> _Exercise brief_: Repeat the material below exactly, line for line.
BEGIN Available data
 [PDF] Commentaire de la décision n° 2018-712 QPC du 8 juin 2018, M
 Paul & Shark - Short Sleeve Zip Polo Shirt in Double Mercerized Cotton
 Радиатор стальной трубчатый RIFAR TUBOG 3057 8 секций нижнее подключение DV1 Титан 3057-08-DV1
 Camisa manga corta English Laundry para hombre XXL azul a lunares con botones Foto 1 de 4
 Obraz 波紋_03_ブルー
END Available data
> _Answer for the task_:
 [PDF] Commentaire de la décision n° 2018-712 QPC du 8 juin 2018, M
 Paul & Shark - Short Sleeve Zip Polo Shirt in Double Mercerized Cotton
 Радиатор стальной трубчатый RIFAR TUBOG 3057 8 секций нижнее подключение DV1 Титан 3057-08-DV1
 Camisa manga corta English Laundry para hombre XXL azul a lunares con botones Foto 1 de 4
 Obraz 波紋_03_ブルー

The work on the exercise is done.